Edit2: Sorry that is not true. That applies to expansions with higher powers, but not between different sqaures.
But maybe you can look at sum of squares where
∑x^2 = n(n+1)(2n+1)/6
• So, a perfect square is basically the answer to an exponent? (ex. 2^2(4), 12^12(144))
• it is an integer with a square root that is also an integer
• How do you solve square roots that can't be squared easily?
• what i do is if the number is less then 81 then I go through all of the numbers 1-9 to see if they match up. if its greater than 144 then i just use a calculator
• How can we use square roots in life?
• There are many ways in life you can use square roots. Some of them include a mathmatician, engineer, architect, carpenter, etc.
• Would you do the same for a negative square root ?🤔
• You cannot find the negative square root of a number. Think of what square roots are. If we take 36 and find the square root, you'll see it's 6. Because 6 x 6 = 36. We multiply it by itself and it gives us 36.

We can't do this with negatives. Consider -36 and finding the square root of that. Which number multiplied by itself will get -36?

Well, remember the rules we have for multiplying negatives and positives.
negative x negative = positive
negative x positive = positive
positive x positive = positive.

It can't be -6, because that will give us a positive number, instead of -36.
It can't be 6, because that will also give us a positive number instead of -36.

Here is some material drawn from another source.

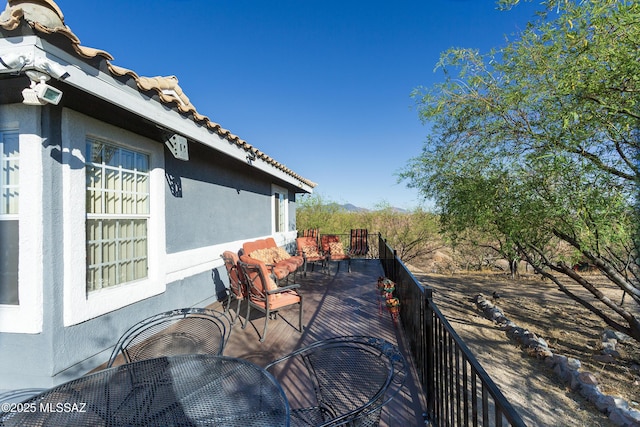 21 Kachina, Rio Rico, AZ 85648 - view of wooden deck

So, negatives can't have square roots.

You'll learn in more advanced classes what we do in these cases.
• can a decimal have a square root
• Yes, decimals can have square roots. For example, the (principal) square root of 0.64 is 0.8, since 0.8*0.8 = 0.64.
• Math is hard!
• it is not if you listen carefully in class and practice
• How do I find the square root for bigger and not perfect numbers?
1. You can approximate the value. For instance, if I have $\sqrt{70}$, I know that it'll lie between $\sqrt{64}$ and $\sqrt{81}$. As 70 is closer to 64, $\sqrt{70}$ will be closer to $\sqrt{64}$, which is 8. And if you find $\sqrt{70}$, you'll see that it is around $8.366$, which is closer to 8 than 9.
2. You can approximate the square root function with a tangent line at a nearby point. Suppose you want $\sqrt{65}$. You already know $\sqrt{64}$. So, you can first graph $y=\sqrt{x}$, then draw a tangent at $x = 64$. Find the equation of the tangent, and substitute for $x = 65$. As the tangent approximates the square root function, you'll get an rough approximation of $\sqrt{65}$.
Using this, you can get the equation of the tangent line as $y = \frac{x}{16}+4$. If I substitute $x = 65$, I get $y = 8.0625$. Now, the actual value of $\sqrt{65}$ is $8.06225$. See how good our approximation was!
3. The final method is something called a Taylor series. It's an extension of the tangent line approximation idea. If you write the Taylor series expansion of $\sqrt{x}$ at $x = 64$ to four terms, you get $8 + \frac{x-64}{16} - \frac{(x-64)^2}{4096} + \frac{(x-64)^3}{524288}$. If I substitute $x = 65$, I'll get $8 + \frac{1}{16} - \frac{1}{4096} + \frac{1}{524288} = 8.062257$, which is an even better approximation than what we got in method 2. It gets better with more terms.